That entity will scrape the internet and train the models and claim that "it's just research" to be able to claim that all is fair-use.
At this point it's not even funny anymore.
It does suit the modus operandi of a number of American companies that start out as literally illegal/criminal operations until they get big and rich enough to pay a fine for their youthful misdeeds.
By the time some of them get huge, they're in bed with the government to dominate the market.
It's completely unprecedented.
We allowed scraping images and text en masse when search engines used the data to let us find stuff.
We allow copying of style, and don't allow writing styles and aesthetics to be copyrighted or trademarked.
Then AI shows up, and people change lanes because they don't like the results.
One of the things that made me tilt towards the side of fair use was a breakdown of the Stable Diffusion model. The SD2.1 base model was trained on 5.85 billion images, all normalized to 512x512 BMP. That's 1MB per images, for a total of 5.85PB of BMP files. The resulting model is only 5.2GB. That's more than 99.999999% data loss from the source data to the trained set.
For every 1MB BMP file in the training dataset, less than 1byte makes it into the model.
I find it extremely difficult to call this redistribution of copyrighted data. It falls cleanly into fair use.
Their arguments against this amounts to "we're not using it like they intend it to be used, so it's fine if we obtain it illegally", and that's a bs standard, totally divorced from any legal reality.
Fair Use covers certain transformative uses, certainly, but it doesn't cover illegal obtaining of the content.
You can't pirate a book just because you want to use it transformatively (which is exactly what they've done), and that argument would never hold up for us as individuals, so we sure as hell shouldn't let tech companies get a special carve-out for it.
burning the bridge so nobody else can legally scrape, that's the line.
The anti-AI stance is what is baffling to me. The path trotten is what got us here and obviously nobody could have paid people upfront for the wild experimentation that was necessary. The only alternative is not having done it.
Given the path it has put as in, people either are insanely cruel or just completely detached from reality when it comes to what is necessary to do entirely new things.
Perhaps the biggest “needs citation” statement of our time.
OpenAI's case is especially egregious, with the entire starting as 'open' and reaping the benefits, then doing its best in every way to shut the door after itself by scaring people over AI apocalypses. If your argument is seriously that it is necessary to shamelessly steal and lie to do new things, I question your ethical standards, especially in the face of all the openly developed models out there.

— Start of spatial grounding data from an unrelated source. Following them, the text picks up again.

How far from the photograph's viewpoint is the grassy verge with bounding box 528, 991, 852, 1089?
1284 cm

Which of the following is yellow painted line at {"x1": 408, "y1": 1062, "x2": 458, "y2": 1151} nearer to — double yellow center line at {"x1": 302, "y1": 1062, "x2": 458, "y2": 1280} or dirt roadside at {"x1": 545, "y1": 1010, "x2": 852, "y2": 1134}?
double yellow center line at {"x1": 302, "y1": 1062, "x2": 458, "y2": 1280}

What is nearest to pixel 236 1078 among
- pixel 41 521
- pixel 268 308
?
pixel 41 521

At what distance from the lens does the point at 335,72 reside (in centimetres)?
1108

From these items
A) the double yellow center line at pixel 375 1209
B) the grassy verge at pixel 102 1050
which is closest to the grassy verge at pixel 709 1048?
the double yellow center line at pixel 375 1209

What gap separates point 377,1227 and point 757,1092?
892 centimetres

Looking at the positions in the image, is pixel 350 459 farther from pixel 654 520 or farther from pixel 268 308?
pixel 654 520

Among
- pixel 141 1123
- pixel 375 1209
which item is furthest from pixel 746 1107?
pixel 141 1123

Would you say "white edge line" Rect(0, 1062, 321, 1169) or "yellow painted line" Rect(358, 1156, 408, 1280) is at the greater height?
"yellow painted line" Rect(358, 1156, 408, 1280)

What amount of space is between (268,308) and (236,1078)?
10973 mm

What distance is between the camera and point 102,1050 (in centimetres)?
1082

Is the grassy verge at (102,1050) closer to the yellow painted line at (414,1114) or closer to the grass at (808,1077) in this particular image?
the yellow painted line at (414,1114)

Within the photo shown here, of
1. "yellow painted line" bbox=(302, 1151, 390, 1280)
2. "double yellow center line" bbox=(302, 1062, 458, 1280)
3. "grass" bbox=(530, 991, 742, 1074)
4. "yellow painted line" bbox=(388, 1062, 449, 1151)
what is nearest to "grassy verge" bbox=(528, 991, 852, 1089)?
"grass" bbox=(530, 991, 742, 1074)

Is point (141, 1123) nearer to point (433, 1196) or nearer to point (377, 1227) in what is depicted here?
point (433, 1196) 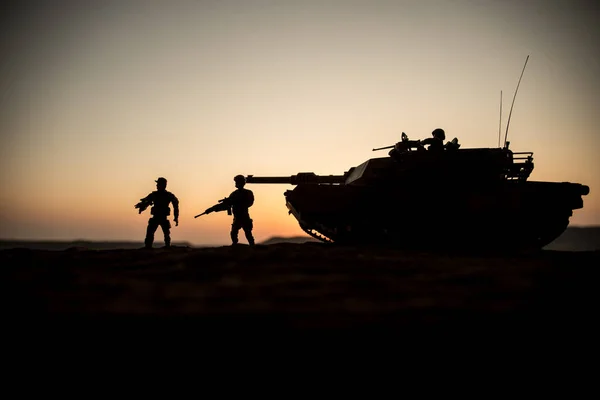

The anti-AI stance is what is baffling to me.
I think it’s unfair to paint any legal controls over this incredibly important, high-stakes technology as being “anti”. They’re not trying to prevent innovation because they’re cruel, they’re just trying to somewhat slow down innovation so that we can ensure it’s done with minimal harm (eg making sure content creators are compensated in a time of intense automation). Like we do for all sorts of other fields of research, already!And isn’t this what basically every single scholar in the field says they want, anyway - safe, intentional, controlled deployment?
As you can tell from the above, I’m as far from being “anti-AI” or technically pessimistic as one can be — I plan to dedicate my life to its safe development. So there’s at least one counterexample for you to consider :)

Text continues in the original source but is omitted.